- _Records shown_

____

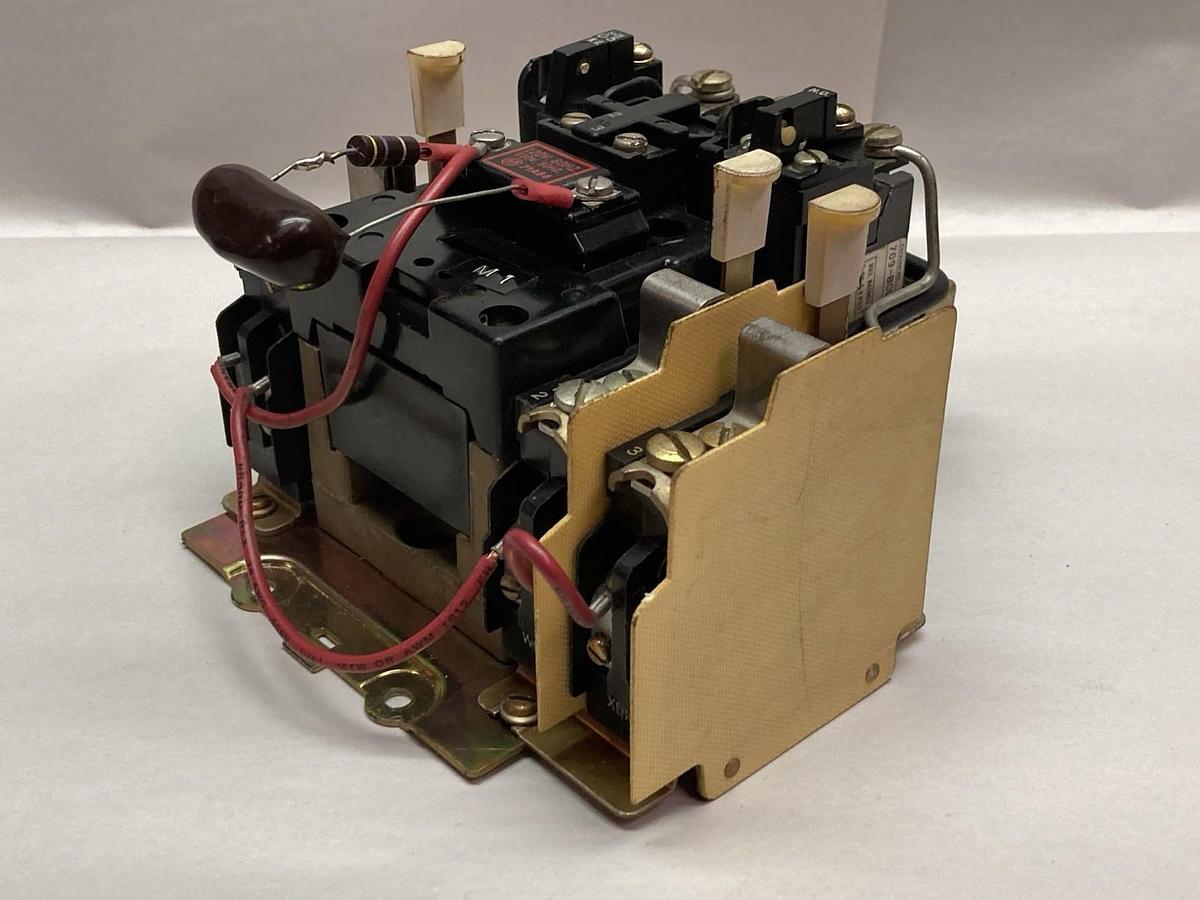 Used Allen Bradley,71A86,Motor Starter 120/110V 60/50Hz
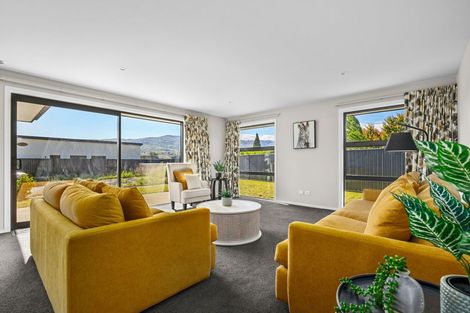 Photo of property in 21 Guano Crescent, Cromwell, 9310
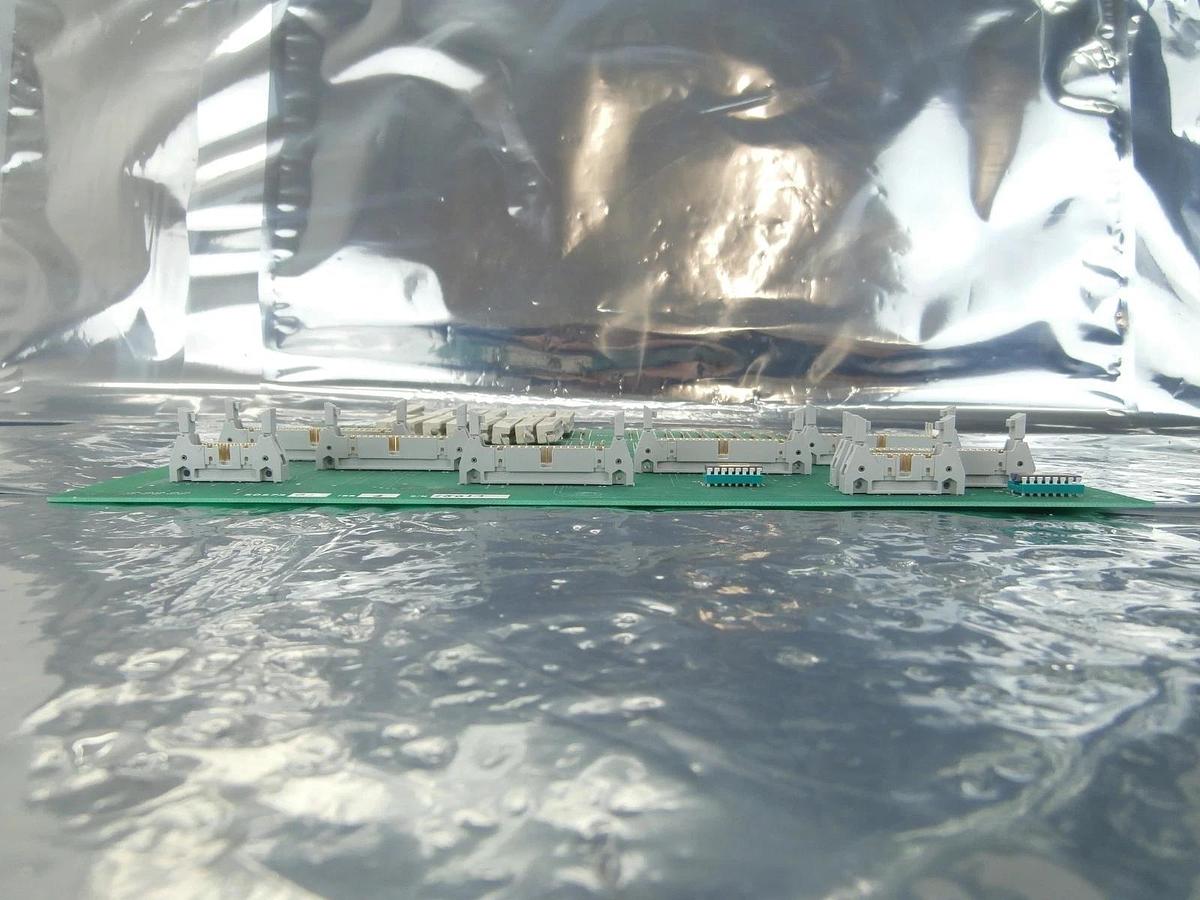 Used Motorola 5057301 LE Tester Board PCB Used Working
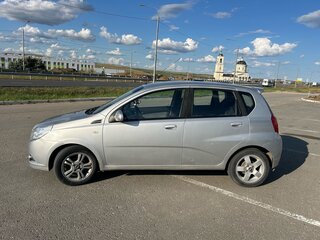 2008 Chevrolet Aveo I Рестайлинг, серебристый, 350000 рублей, вид 4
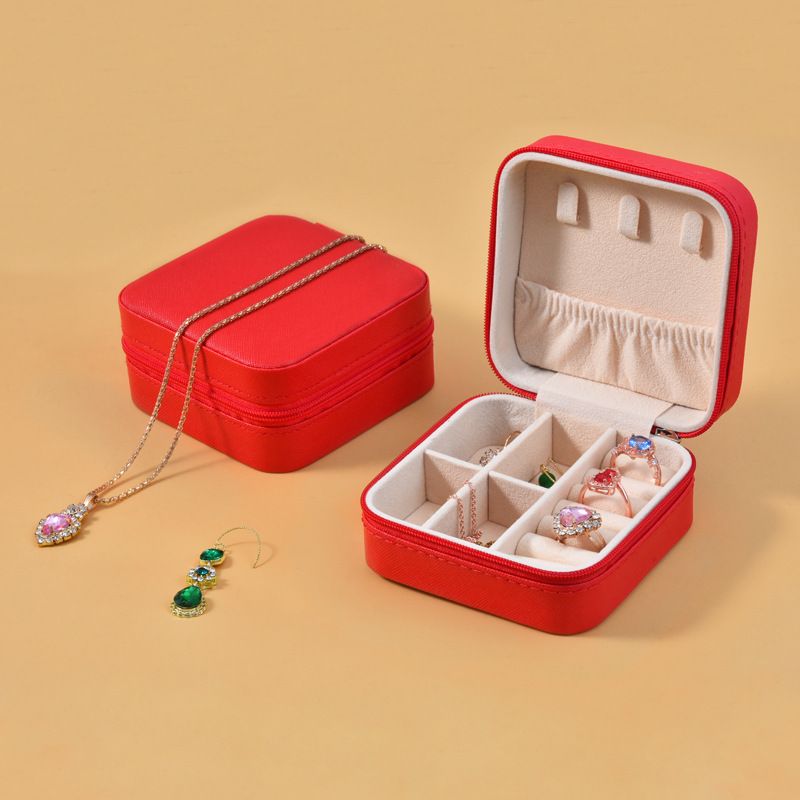 New portable jewelry box, fashionable princess travel jewelry bag, earring ring small storage box, cute solid color, practical and dirt resistant, large space storage box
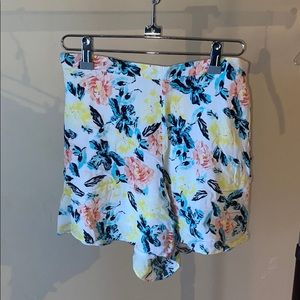 Pacsun Floral Highwaisted Shorts
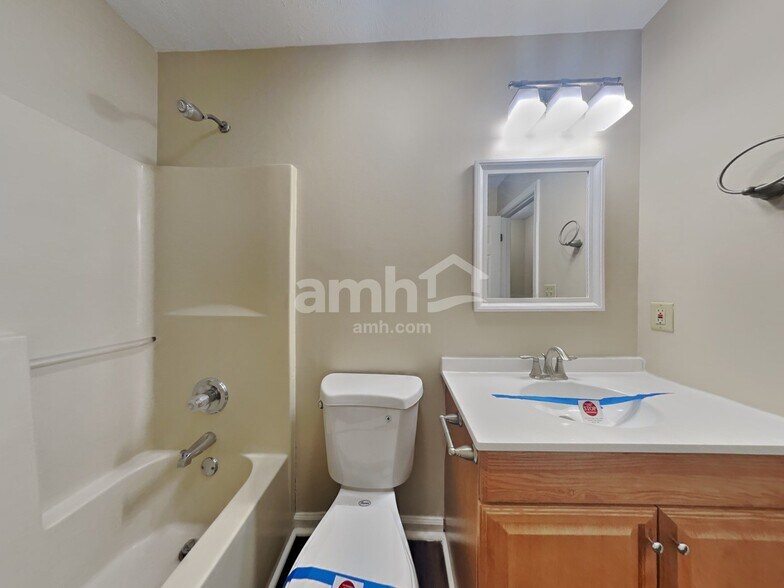 Building Photo - 5568 Alcott Ln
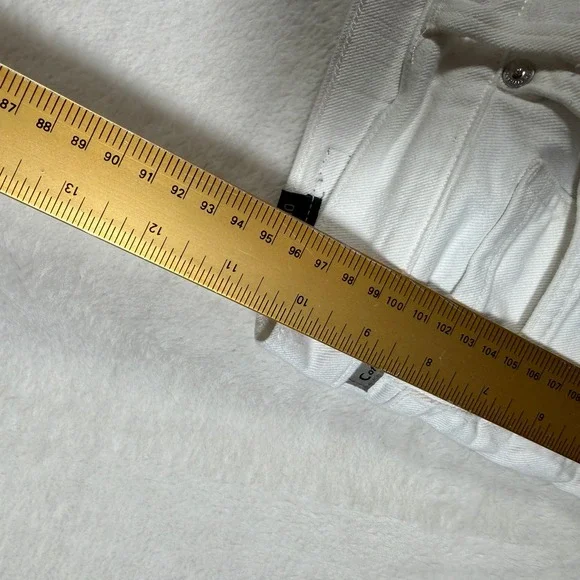 Citizens of Humanity White Denim Cutoff Shorts Size 30 Frayed Hem‎ - Picture 8 of 11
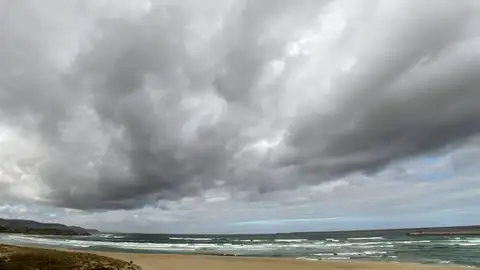 El otoño llega con lluvia, viento y bajada de las temperaturas El otoño llega con lluvia, viento y bajada de las temperaturas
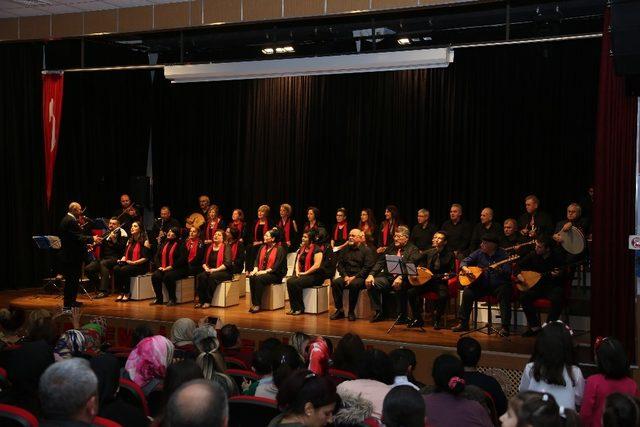 Çağdaş Türk Müziği Korosu ve Çocuk Korosu ilk konserini gerçekleştirdi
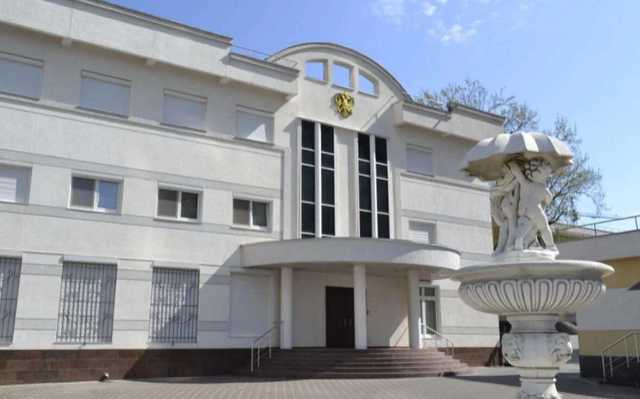 В Одессе ворота Генконсульства России облили краской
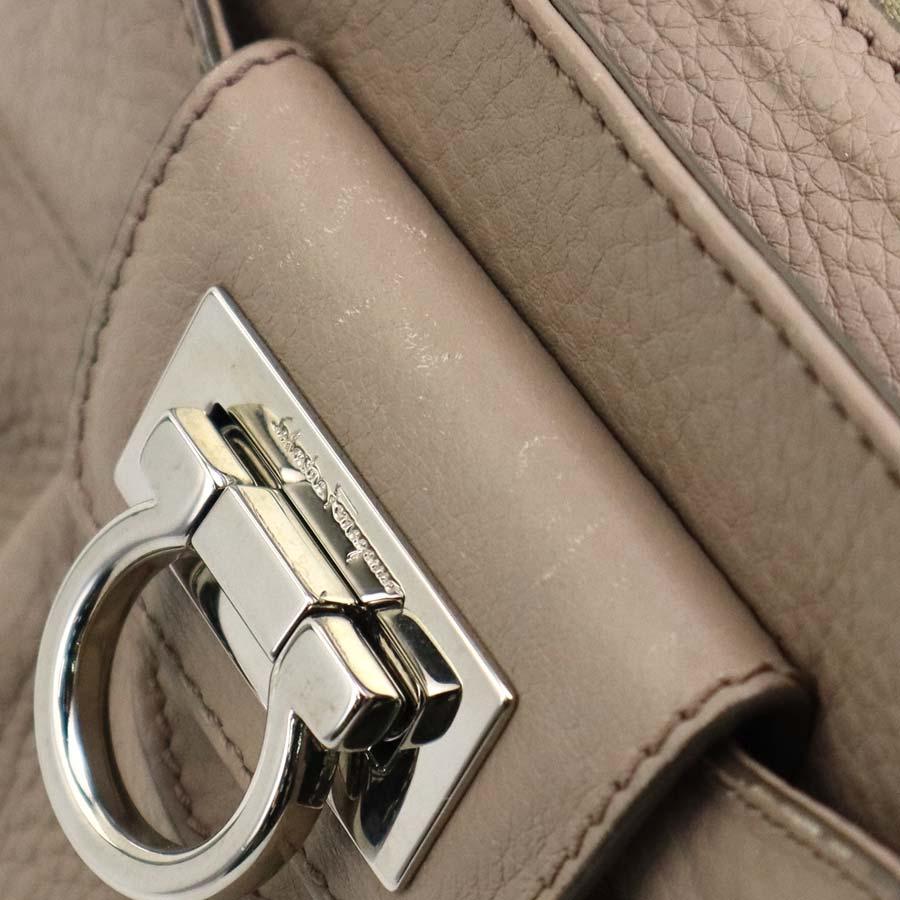 サルヴァトーレフェラガモ Salvatore Ferragamo ハンドバッグ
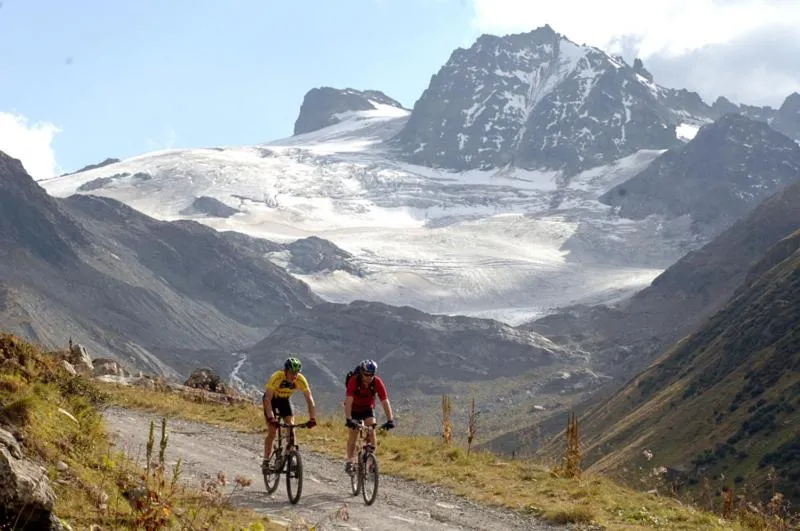 Cycling in Gampeler Hof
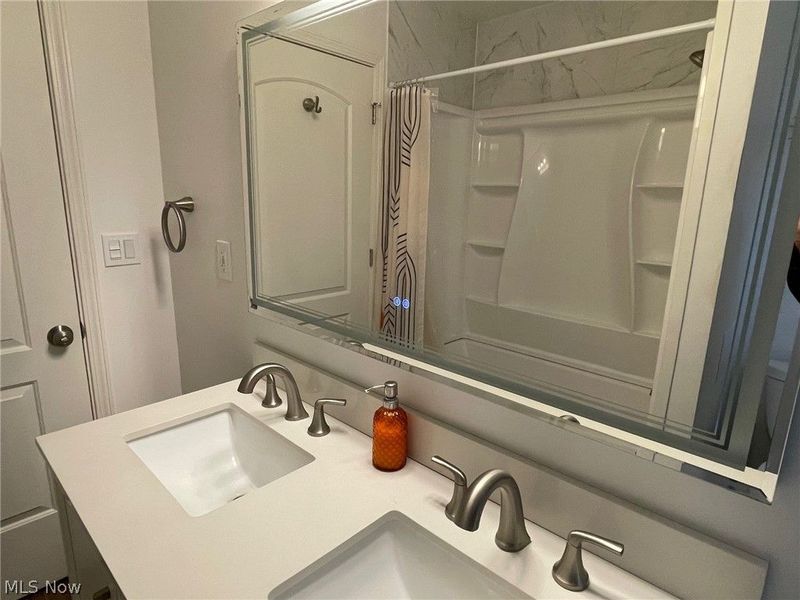 1215 Sherman Street, Akron, OH 44301 Photo 16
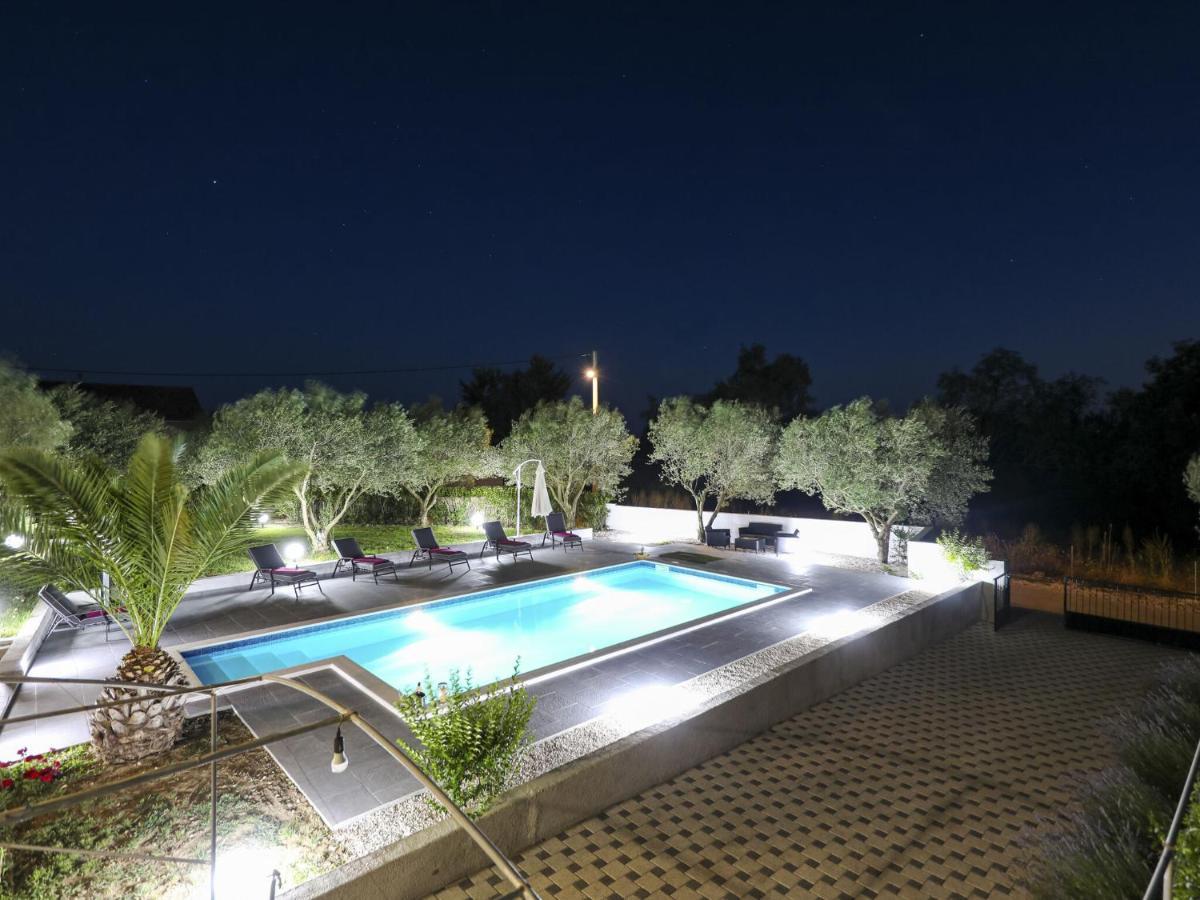 Lovely Holiday Home In Policnik With Private Pool Exteriör bild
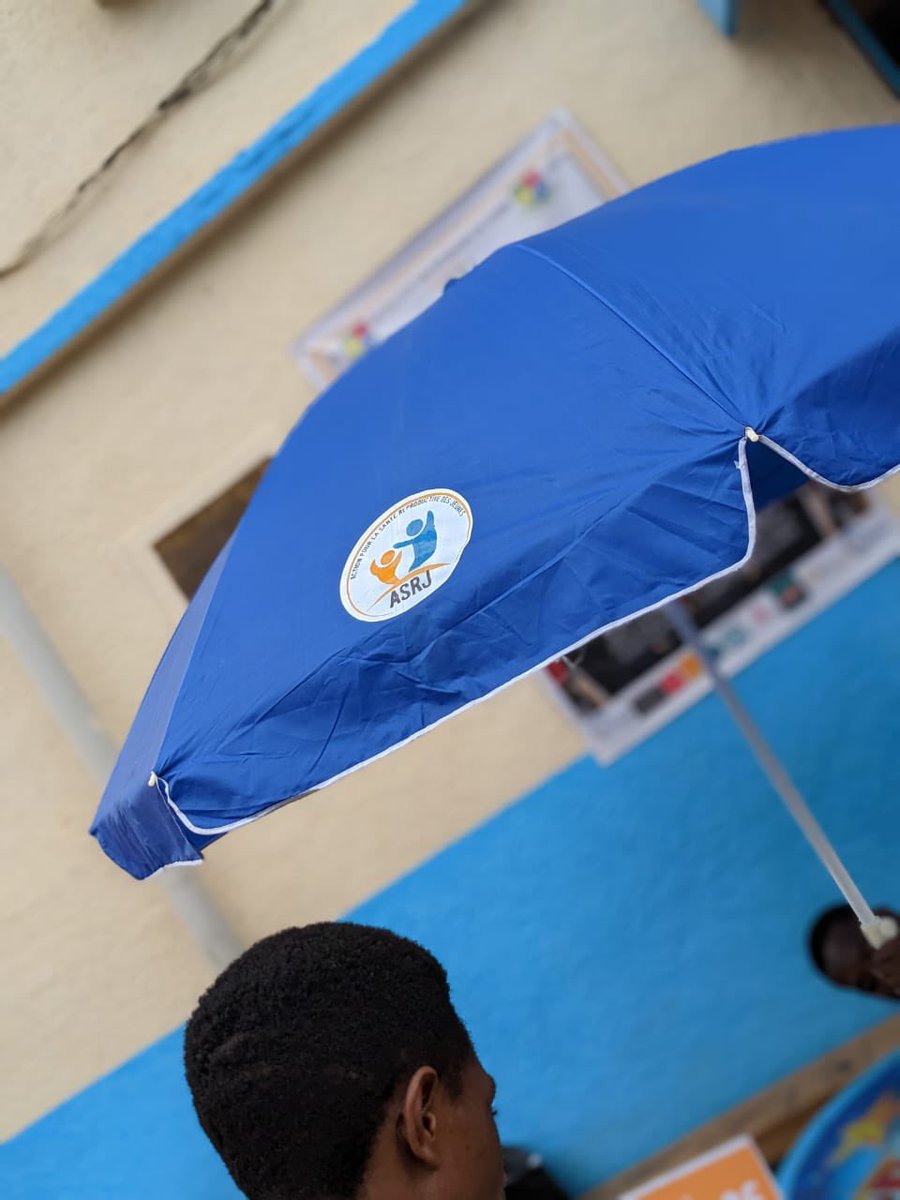Asrjrdcongo's tweet photo. Les milieux #universitaires sont des milieux #multiculturels.
Toutes les informations #erronées sur la SSR et les pratiques #rétrogrades : harcèlement et violences sexuels y sont monnaie courante. Les prévenir en fournissant la bonne information aux nouveaux est salvateur. https://t.co/Wgyvwgn7jk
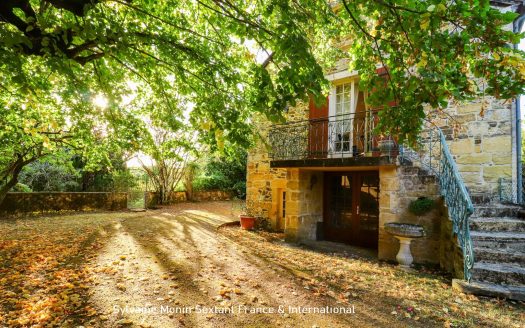 Stone house with 4 bedrooms and an adjoining house to renovate, on enclosed grounds.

____

Leaving the images out, return every record exactly.

 Used Allen Bradley,71A86,Motor Starter 120/110V 60/50Hz
 Photo of property in 21 Guano Crescent, Cromwell, 9310
 Used Motorola 5057301 LE Tester Board PCB Used Working
 2008 Chevrolet Aveo I Рестайлинг, серебристый, 350000 рублей, вид 4
 New portable jewelry box, fashionable princess travel jewelry bag, earring ring small storage box, cute solid color, practical and dirt resistant, large space storage box
 Pacsun Floral Highwaisted Shorts
 Building Photo - 5568 Alcott Ln
 Citizens of Humanity White Denim Cutoff Shorts Size 30 Frayed Hem‎ - Picture 8 of 11
 El otoño llega con lluvia, viento y bajada de las temperaturas El otoño llega con lluvia, viento y bajada de las temperaturas
 Çağdaş Türk Müziği Korosu ve Çocuk Korosu ilk konserini gerçekleştirdi
 В Одессе ворота Генконсульства России облили краской
 サルヴァトーレフェラガモ Salvatore Ferragamo ハンドバッグ
 Cycling in Gampeler Hof
 1215 Sherman Street, Akron, OH 44301 Photo 16
 Lovely Holiday Home In Policnik With Private Pool Exteriör bild
Asrjrdcongo's tweet photo. Les milieux #universitaires sont des milieux #multiculturels.
Toutes les informations #erronées sur la SSR et les pratiques #rétrogrades : harcèlement et violences sexuels y sont monnaie courante. Les prévenir en fournissant la bonne information aux nouveaux est salvateur. https://t.co/Wgyvwgn7jk
 Stone house with 4 bedrooms and an adjoining house to renovate, on enclosed grounds.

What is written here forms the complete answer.